Among the usual visits to businesses, charities and schools two from this week stand out. The Waight family has farmed around Enford for seven generations, since before the MOD acquired Salisbury Plain for its training area. On Friday James Waight took me high on the Plain to watch a herd of cows grazing with no fence in sight. Each animal had dangling from a chain around its neck what looked like a plastic Swiss cowbell; it was a GPS tracker, which emits a warning noise if the cow gets too close to a line drawn on a digital map around the area the farmer wants them in. Sure enough the cows never stray, and the Waights can respond easily to the Army’s frequent requests to move the herd to make way for their exercises. As we stood there, disconcertingly close and loud were the bangs and rattle of the guns of Op Interflex - the allied training programme for Ukrainian soldiers.
That afternoon I was on the scaffolding around the roof of Chisbury Chapel. Built in the 13th century on the site of an old iron age hill fort by some well-to-do lord of the manor to save his tenants the journey to church in Great Bedwyn, the chapel has just been re-roofed thanks to English Heritage and local thatchers Benjamin Thompson and Martin Dyamott. As no doubt you can tell from this photo they use the traditional ‘longstraw’ method, rather than the modern tricks involved in ‘combed wheat’ thatching. These are the things you learn as an MP.

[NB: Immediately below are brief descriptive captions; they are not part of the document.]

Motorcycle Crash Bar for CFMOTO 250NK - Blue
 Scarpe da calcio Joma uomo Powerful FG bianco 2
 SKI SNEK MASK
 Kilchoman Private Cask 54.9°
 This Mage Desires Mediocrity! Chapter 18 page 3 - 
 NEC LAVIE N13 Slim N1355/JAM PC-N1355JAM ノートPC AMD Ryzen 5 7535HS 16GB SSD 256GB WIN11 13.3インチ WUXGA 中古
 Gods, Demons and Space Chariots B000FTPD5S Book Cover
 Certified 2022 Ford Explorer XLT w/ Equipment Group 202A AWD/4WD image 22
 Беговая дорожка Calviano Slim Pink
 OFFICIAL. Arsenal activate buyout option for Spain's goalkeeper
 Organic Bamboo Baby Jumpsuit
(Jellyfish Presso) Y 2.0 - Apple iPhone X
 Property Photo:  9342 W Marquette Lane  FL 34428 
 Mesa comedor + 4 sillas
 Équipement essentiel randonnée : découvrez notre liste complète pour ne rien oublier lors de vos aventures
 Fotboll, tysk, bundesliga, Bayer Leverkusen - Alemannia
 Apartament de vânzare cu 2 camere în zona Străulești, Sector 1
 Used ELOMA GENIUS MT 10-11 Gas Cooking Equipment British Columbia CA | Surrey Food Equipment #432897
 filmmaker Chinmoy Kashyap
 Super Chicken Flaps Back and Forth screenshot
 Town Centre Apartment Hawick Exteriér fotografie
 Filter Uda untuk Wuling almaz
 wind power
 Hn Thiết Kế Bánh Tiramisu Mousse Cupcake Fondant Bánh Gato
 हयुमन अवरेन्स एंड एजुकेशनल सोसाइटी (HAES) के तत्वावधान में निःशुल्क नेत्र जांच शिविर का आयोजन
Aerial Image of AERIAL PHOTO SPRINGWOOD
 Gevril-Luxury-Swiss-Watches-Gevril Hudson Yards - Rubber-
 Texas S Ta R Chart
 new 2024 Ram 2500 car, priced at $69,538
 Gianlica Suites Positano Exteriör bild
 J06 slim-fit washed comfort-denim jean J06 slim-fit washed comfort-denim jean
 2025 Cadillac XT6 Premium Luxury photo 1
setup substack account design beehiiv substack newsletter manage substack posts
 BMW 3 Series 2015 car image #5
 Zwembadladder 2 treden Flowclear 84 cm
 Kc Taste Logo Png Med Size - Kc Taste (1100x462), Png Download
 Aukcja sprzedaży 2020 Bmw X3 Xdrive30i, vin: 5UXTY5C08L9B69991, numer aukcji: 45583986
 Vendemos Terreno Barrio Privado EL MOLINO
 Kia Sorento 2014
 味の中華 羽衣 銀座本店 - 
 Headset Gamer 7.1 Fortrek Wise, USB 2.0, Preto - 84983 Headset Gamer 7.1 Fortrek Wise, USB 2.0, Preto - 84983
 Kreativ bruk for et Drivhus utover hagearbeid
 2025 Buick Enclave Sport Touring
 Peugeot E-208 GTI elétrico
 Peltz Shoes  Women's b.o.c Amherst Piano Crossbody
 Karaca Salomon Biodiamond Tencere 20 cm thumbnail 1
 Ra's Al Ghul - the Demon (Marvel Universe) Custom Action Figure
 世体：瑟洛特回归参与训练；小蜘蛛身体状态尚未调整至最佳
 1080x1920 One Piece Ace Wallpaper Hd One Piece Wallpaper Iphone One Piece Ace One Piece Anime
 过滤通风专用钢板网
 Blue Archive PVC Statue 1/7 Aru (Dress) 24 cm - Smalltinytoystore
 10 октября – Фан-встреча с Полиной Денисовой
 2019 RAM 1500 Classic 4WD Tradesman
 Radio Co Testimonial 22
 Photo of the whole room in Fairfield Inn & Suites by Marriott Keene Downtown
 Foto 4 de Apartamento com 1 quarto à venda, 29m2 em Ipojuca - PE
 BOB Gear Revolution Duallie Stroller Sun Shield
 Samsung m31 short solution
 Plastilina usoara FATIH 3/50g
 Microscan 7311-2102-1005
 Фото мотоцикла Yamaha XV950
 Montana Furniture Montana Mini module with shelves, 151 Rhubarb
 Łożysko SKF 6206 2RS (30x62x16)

The moment of this week I will never forget was standing outside Pewsey fire station as Mark Hillier’s coffin was borne out on a fire engine. Mark was killed in a road collision last month as he went to answer a call-out, leaving a young family and a community in grief. The street was lined with hundreds of silent firefighters, helmets at their feet, and the local public. We can never properly express our gratitude to the people who go towards danger on our behalf, or our sympathy for their families and friends; and so we develop rituals of presence and silence to convey what we feel, and want them to know.
Sometimes Britain’s streets are places of rage and confrontation. Sometimes, as in Pewsey and Ludgershall last week, they are what we sang on Sunday: ways of gentleness, and paths of peace.